Transcribe everything in the listing below exactly, except the pictures.

:: DATASET SECTION ::
....................
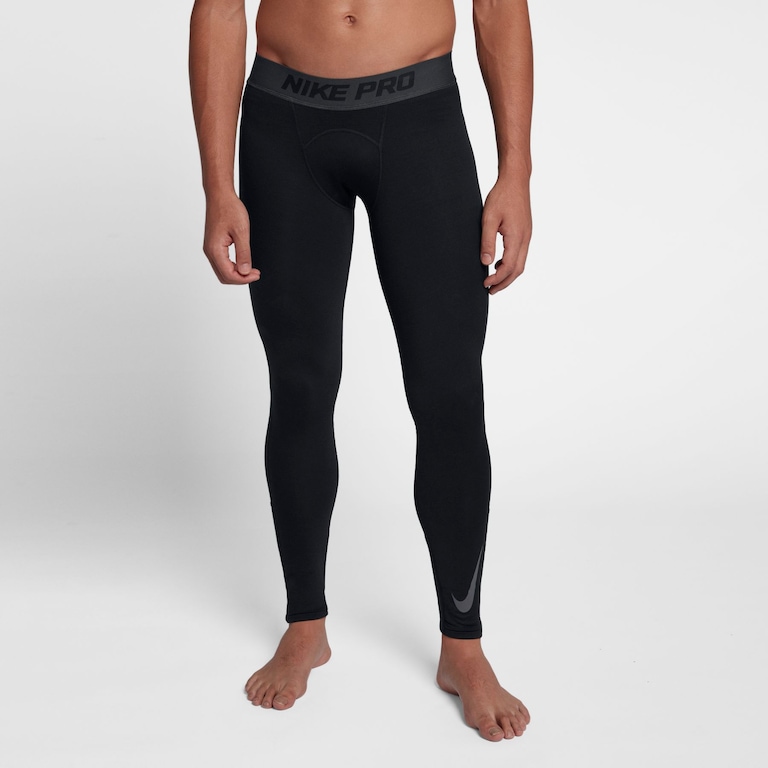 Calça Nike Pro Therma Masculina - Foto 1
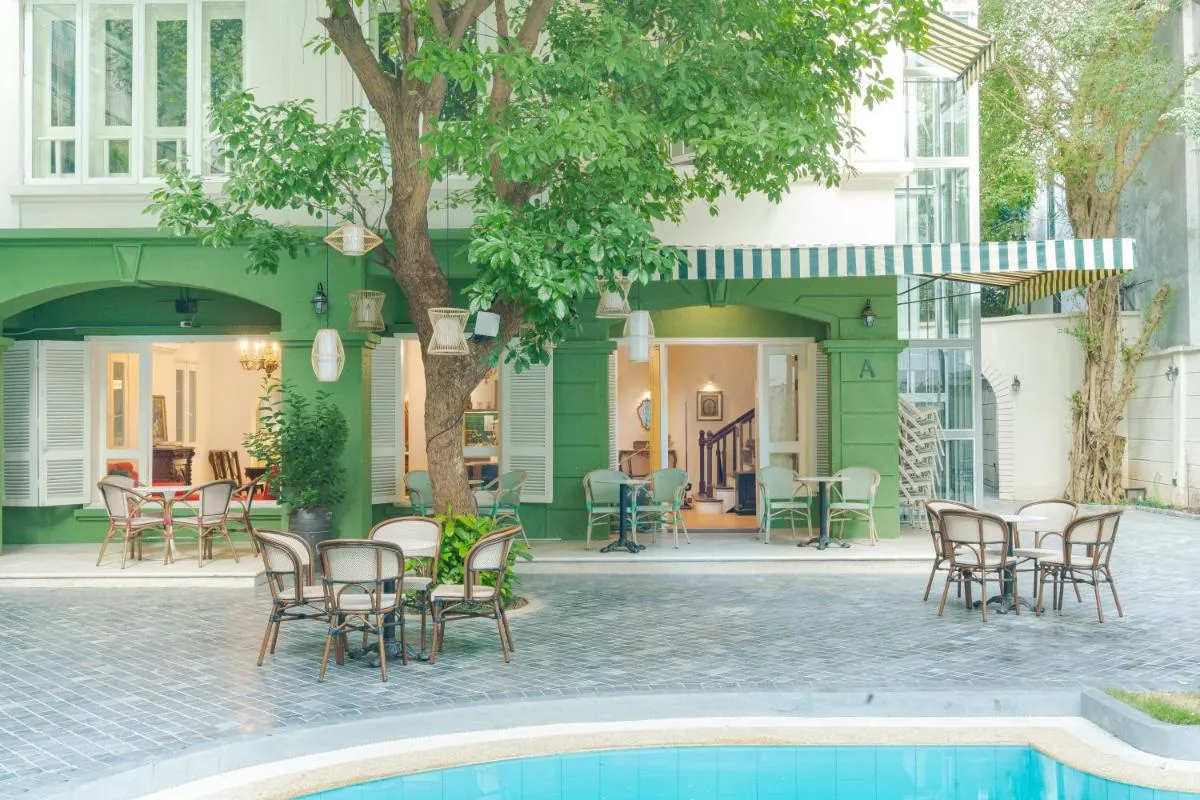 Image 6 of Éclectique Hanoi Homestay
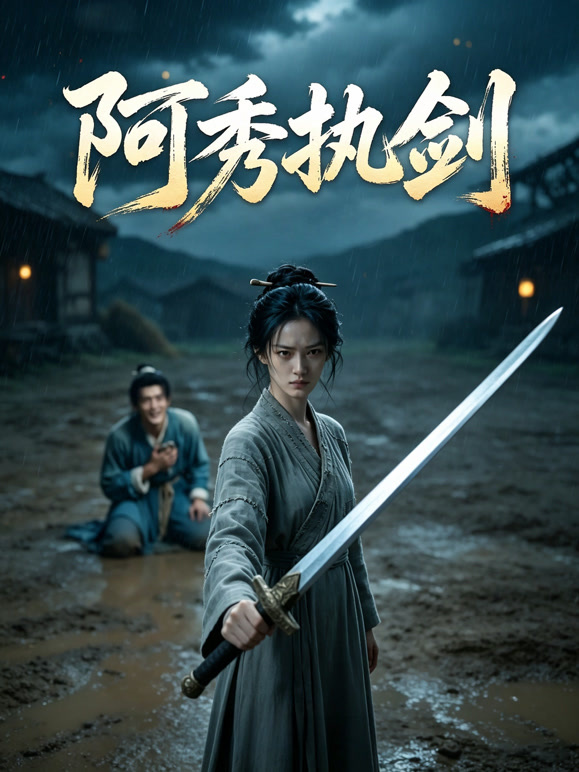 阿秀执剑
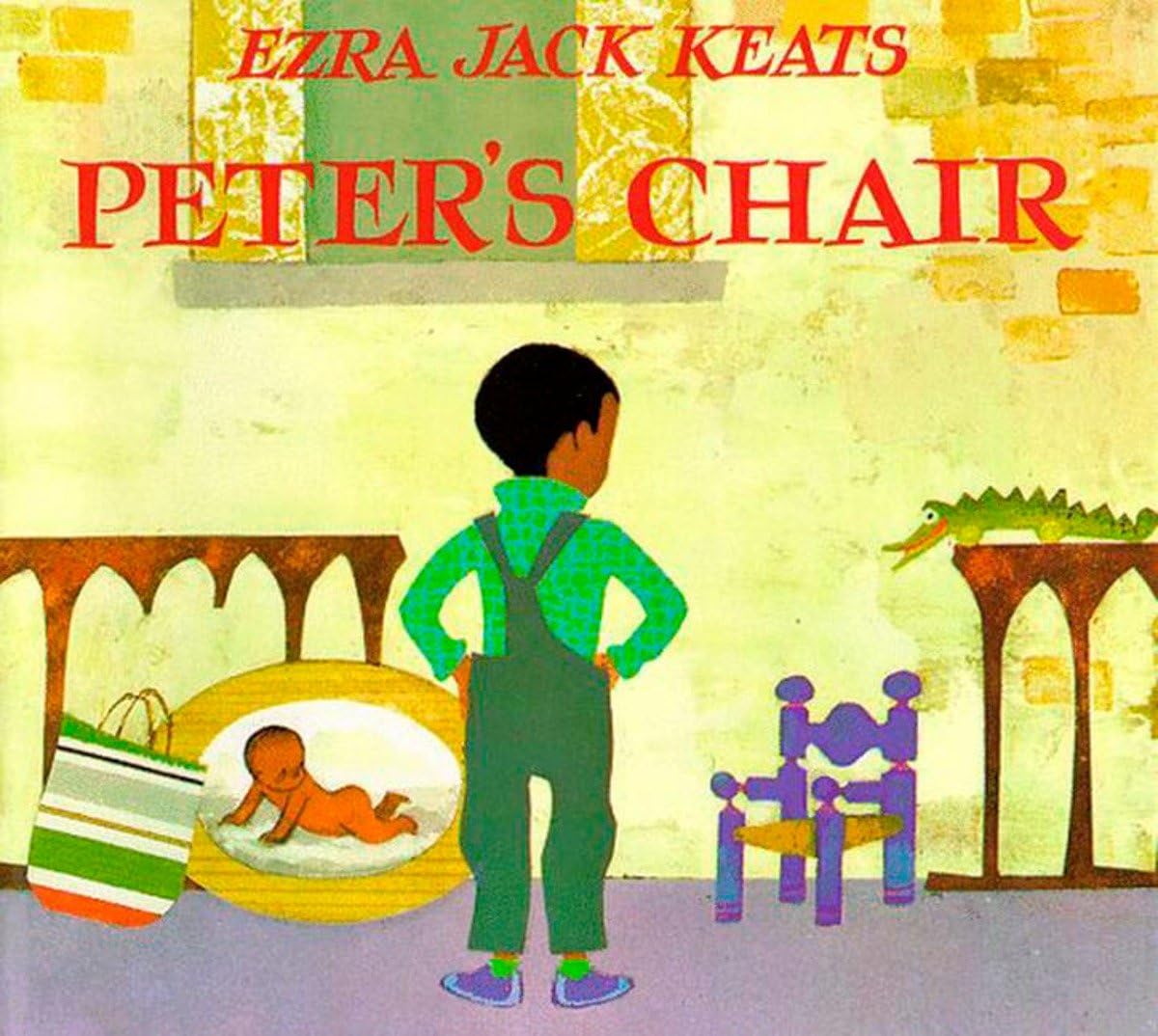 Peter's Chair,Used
....................
:: EXPECTED ANSWER ::
 Calça Nike Pro Therma Masculina - Foto 1
 Image 6 of Éclectique Hanoi Homestay
 阿秀执剑
 Peter's Chair,Used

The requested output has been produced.